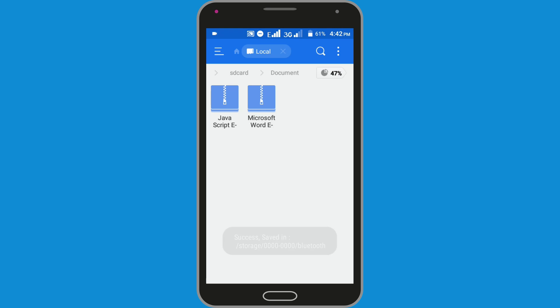Now we have successfully extracted the zip file on Android device, so I hope you enjoyed this simple video. Share this video with your friends who want to know how to extract zip files on Android device. If you have any questions, let us know in the comment section. If you don't subscribe our channel, please subscribe our channel and thumbs up like button.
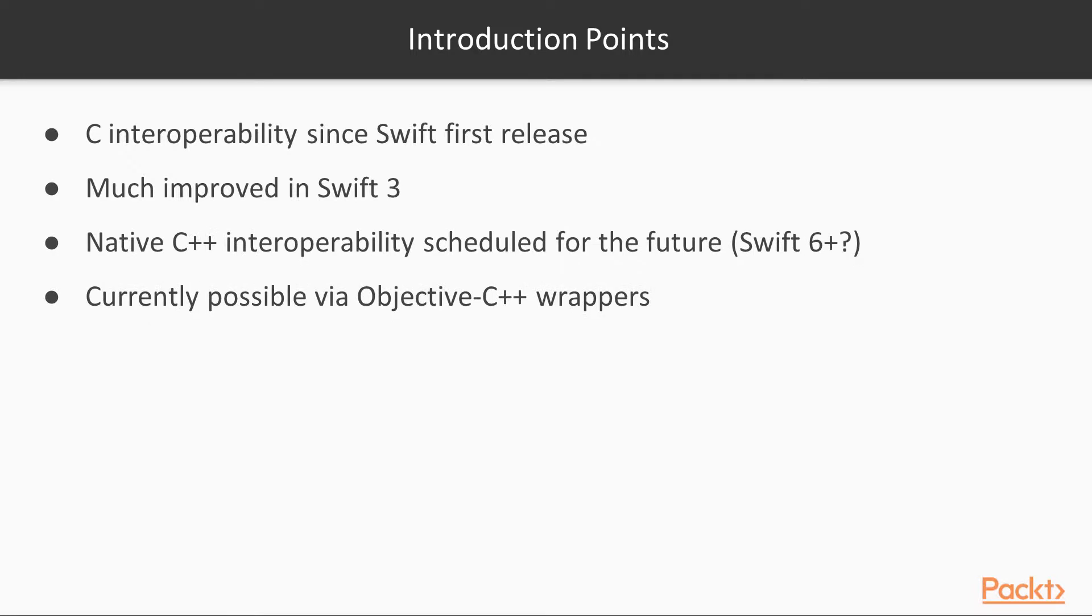Native interoperability with C++ code is also scheduled for a future Swift release, although it's not clear when this will happen. It doesn't appear likely for Swift 5, so that could mean it won't appear until as late as 2019 for Swift 6.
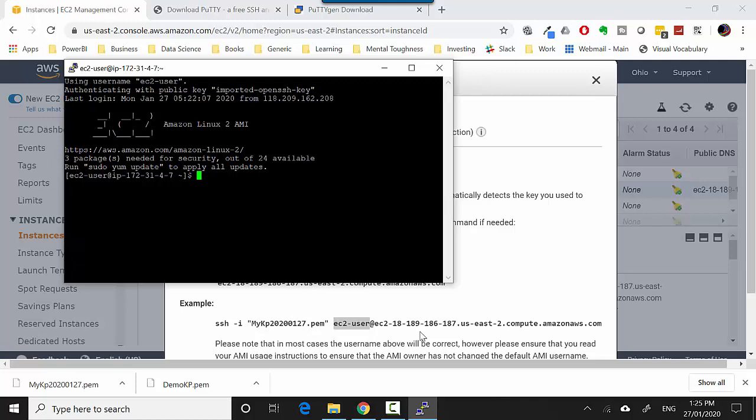In this video, just to recap, we learned how to connect to an EC2 instance on AWS using the .pem file which we download, we converted it to a ppk file using PuTTYgen, and then we used PuTTY to connect. I hope you find this video useful and thanks for watching.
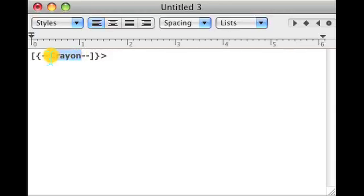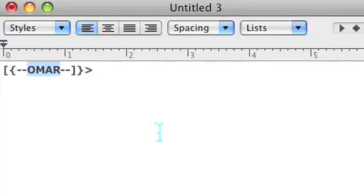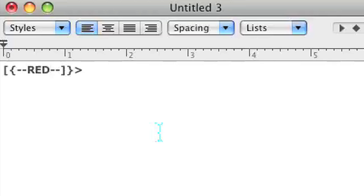In the middle you can change the company of the crayon however you like. Right now I put crayon but let's say I want to put my name as the company. This will be an Omar crayon or let's say I could put a red crayon like so. And I could change the text color to red and it'll look like a red crayon.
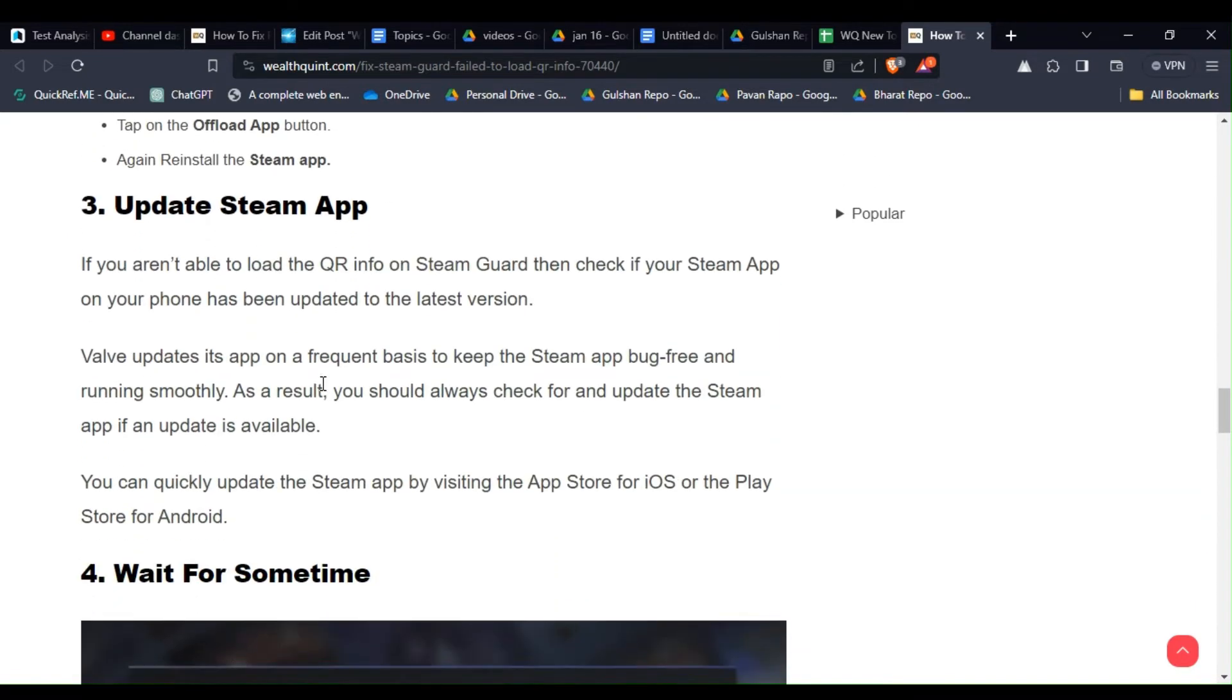Solution 3: Update Steam app. If you are not able to load the QR info on Steam Guard then check if your Steam app on your phone has been updated to the latest version.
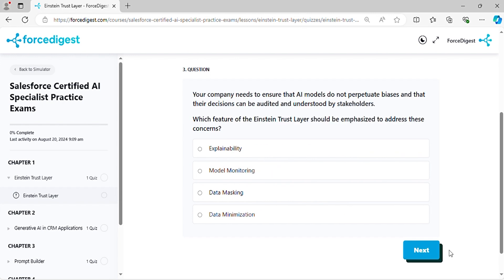Question three: Your company needs to ensure that AI models do not perpetuate biases and that their decisions can be audited and understood by stakeholders. Which feature of the Einstein Trust Layer should be emphasized to address these concerns?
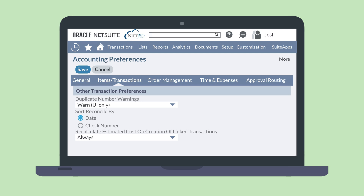Because gross profit is based on estimated costs, and because those estimated costs are subject to change throughout a transaction's life cycle, this preference allows you to determine when NetSuite will recalculate the estimated cost. If you choose Always for this preference, then at each next stage of the transaction — for example, estimate to sales order to invoice — the estimated cost will be recalculated. This ensures that your estimated gross profit is as accurate as it can be.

*-*-*

● **WHAT IS REQUIRED**: Would you please repeat the lines above exactly, from the first line of the listing through the line holding "Question three: Your", with nothing added and no pictures?

● **SOLUTION**:
Now we have successfully extracted the zip file on Android device, so I hope you enjoyed this simple video. Share this video with your friends who want to know how to extract zip files on Android device. If you have any questions, let us know in the comment section. If you don't subscribe our channel, please subscribe our channel and thumbs up like button.
Native interoperability with C++ code is also scheduled for a future Swift release, although it's not clear when this will happen. It doesn't appear likely for Swift 5, so that could mean it won't appear until as late as 2019 for Swift 6.
In this video, just to recap, we learned how to connect to an EC2 instance on AWS using the .pem file which we download, we converted it to a ppk file using PuTTYgen, and then we used PuTTY to connect. I hope you find this video useful and thanks for watching.
In the middle you can change the company of the crayon however you like. Right now I put crayon but let's say I want to put my name as the company. This will be an Omar crayon or let's say I could put a red crayon like so. And I could change the text color to red and it'll look like a red crayon.
Solution 3: Update Steam app. If you are not able to load the QR info on Steam Guard then check if your Steam app on your phone has been updated to the latest version.
Question three: Your company needs to ensure that AI models do not perpetuate biases and that their decisions can be audited and understood by stakeholders. Which feature of the Einstein Trust Layer should be emphasized to address these concerns?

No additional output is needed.